House Call Shortly after Hurricane Katrina's devastating tear through the Gulf states, the House Financial Services Subcommittee on Housing and Community Opportunity convened a hearing on emergency housing needs in the storm's wake. NAHB president Dave Wilson gave testimony and proposed several steps to address the immediate crisis and the long-term reconstruction of housing. Among other things, Wilson recommended that Congress:

  • Ensure that the Section 8 housing voucher program can be used for the emergency needs of existing voucher holders left homeless as well as the needs of newly displaced persons.
  • Allow those uprooted by Katrina the opportunity to move quickly into units financed with low-income housing tax credits without placing an undue burden on apartment owners.
  • Provide waivers to statutory and regulatory provisions in the FHA mortgage insurance, HOME, Community Development Block Grant, Section 108 Loan Guarantee, and USDA Rural Housing Service programs, to help new construction and rehab activities advance smoothly in the long term.
  • Help ease the impact of building materials price spikes and shortages by rescinding tariffs on key building components, including lumber, cement, and plywood.
  • Partial Reform In late September, the U.S. House of Representatives passed legislation incorporating many reforms to the Endangered Species Act (ESA). At press time, the Senate had not introduced companion legislation. Among other provisions, H.R. 3824, the Threatened and Endangered Species Recovery Act, would:

  • Ensure that local and regional land-use agencies are consulted when the federal government develops recovery plans;
  • Protect private property rights;
  • Codify the “no surprises” policy to give private property owners, state and local governments, and community organizations the necessary regulatory certainty to continue their species and conservation efforts;
  • Compensate private landowners for takings under the ESA; and
  • Establish a grant program for private property owners who voluntarily participate in species conservation.
  • Bye-Bye Birdie? Two years after a federal court ruled that the U.S. Fish and Wildlife Service's (FWS) listing of the cactus ferruginous pygmy owl under the Endangered Species Act was illegal, the FWS has proposed removing the bird from the endangered species list. The proposed rule would also render moot a proposal, never finalized, to set aside 1.2 million acres in Southern Arizona as pygmy owl habitat.

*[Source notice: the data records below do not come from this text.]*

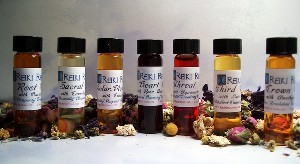 Chakra Oils 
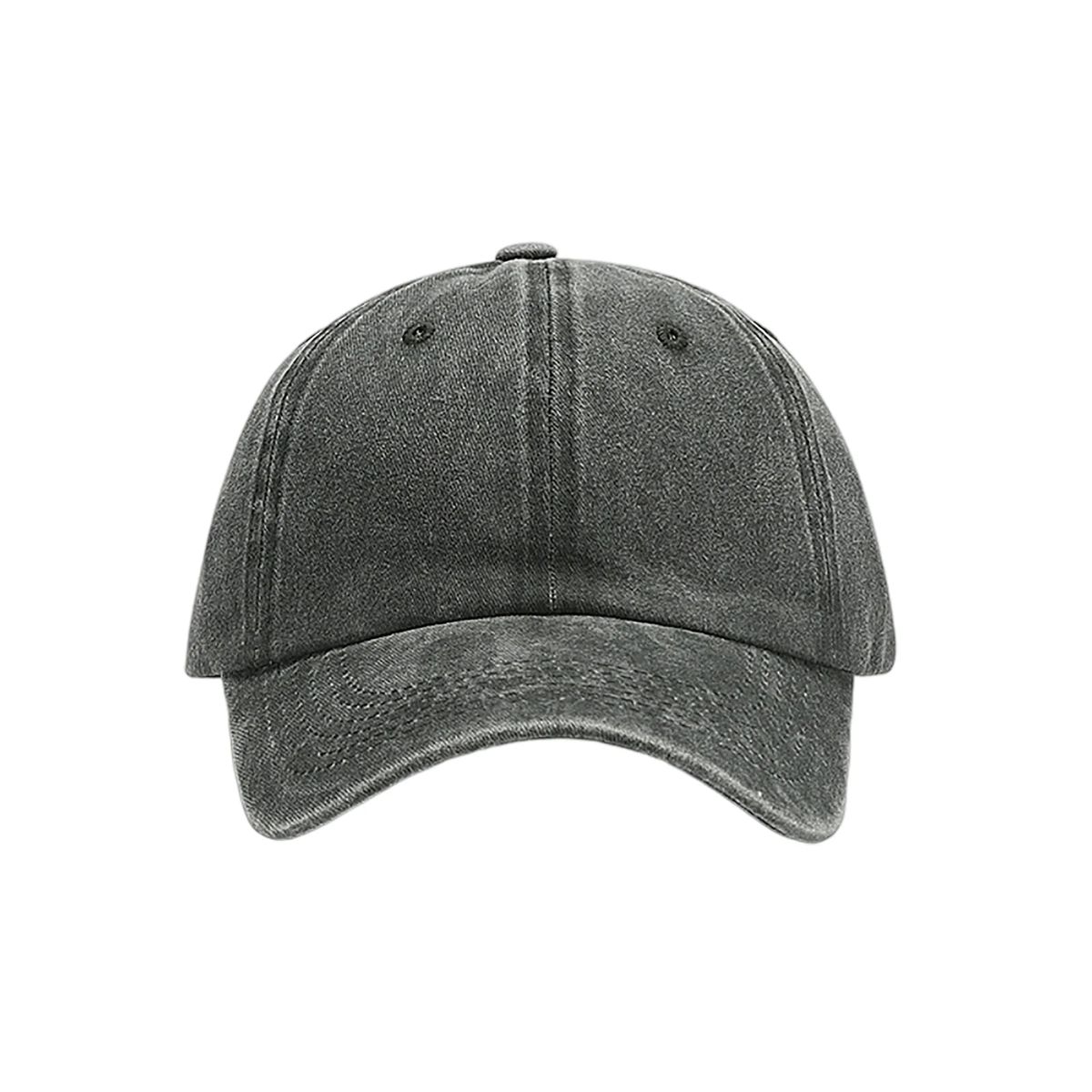 Cotton Vintage Washed Baseball Cap with Adjustable Strap 9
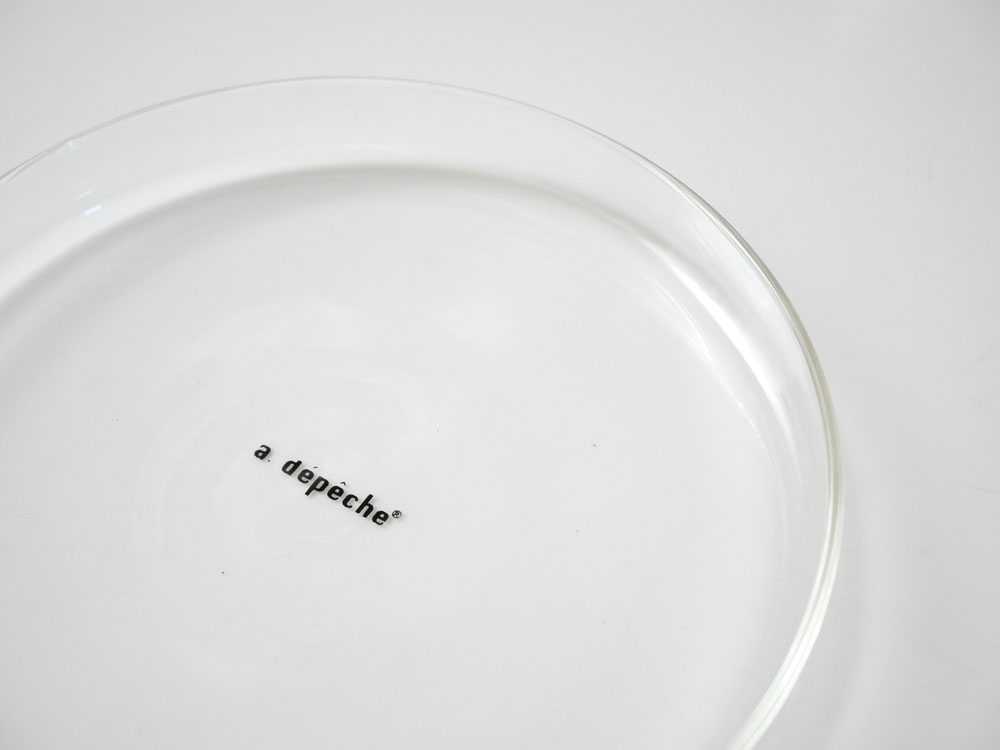 【adepeche/アデペシュ】ガラスの器　noon collection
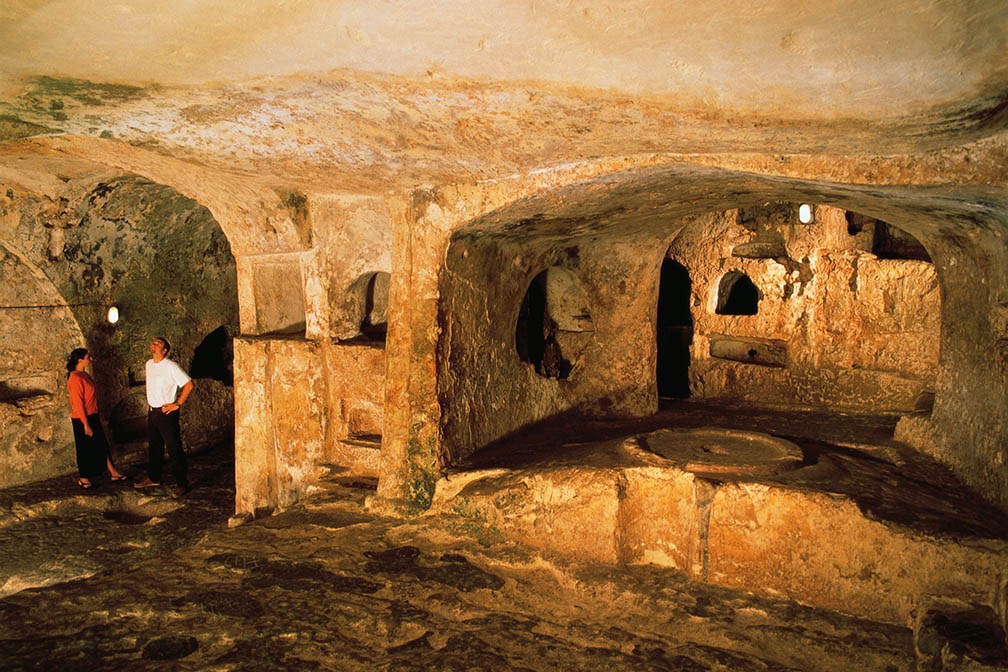 Hal Saflieni Hypogeum (subterranean Neolithic temple)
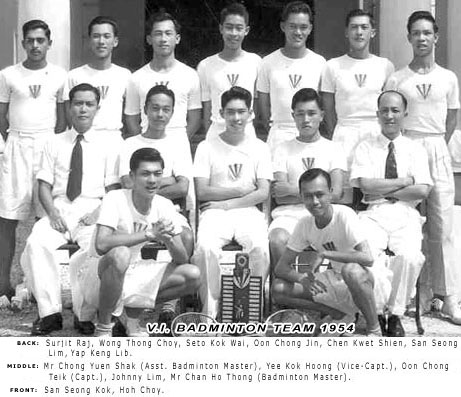 Oon Chong Teik - 1954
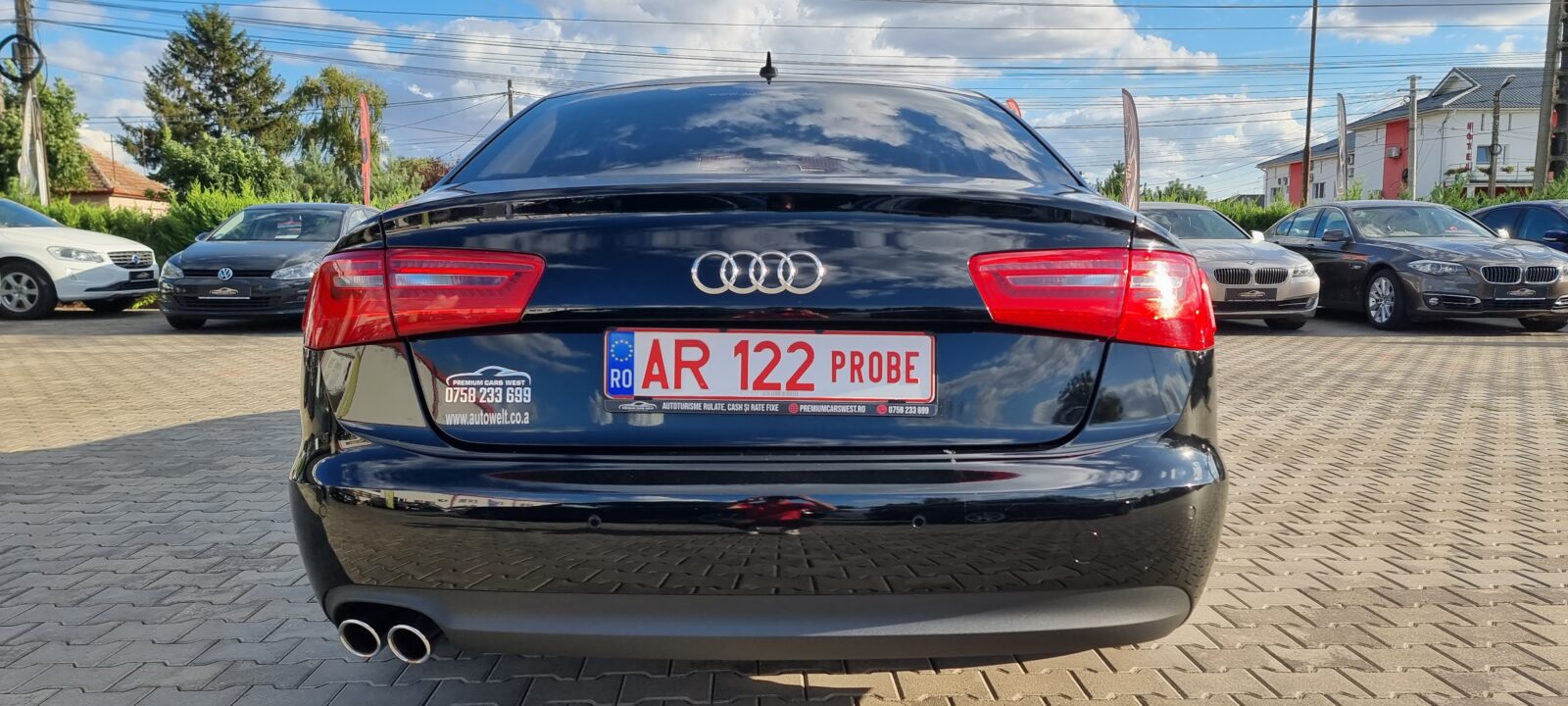 AUDI A6, 2.0 TDI, 177 CP, AN 2013, EURO 5     RATE-LIVRARE-GARANTIE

    In 2003, the 9th U.S. Circuit Court of Appeals decided unanimously that the FWS's pygmy owl listing was arbitrary and capricious. The court sided with the NAHB, the Southern Arizona HBA, and the HBA of Central Arizona, finding that the FWS did not articulate a rational basis for listing the bird, given that it was known to exist in far greater numbers in Mexico. Surveys conducted by Arizona officials, most recently in 2002, detected 18 pygmy owls in the state.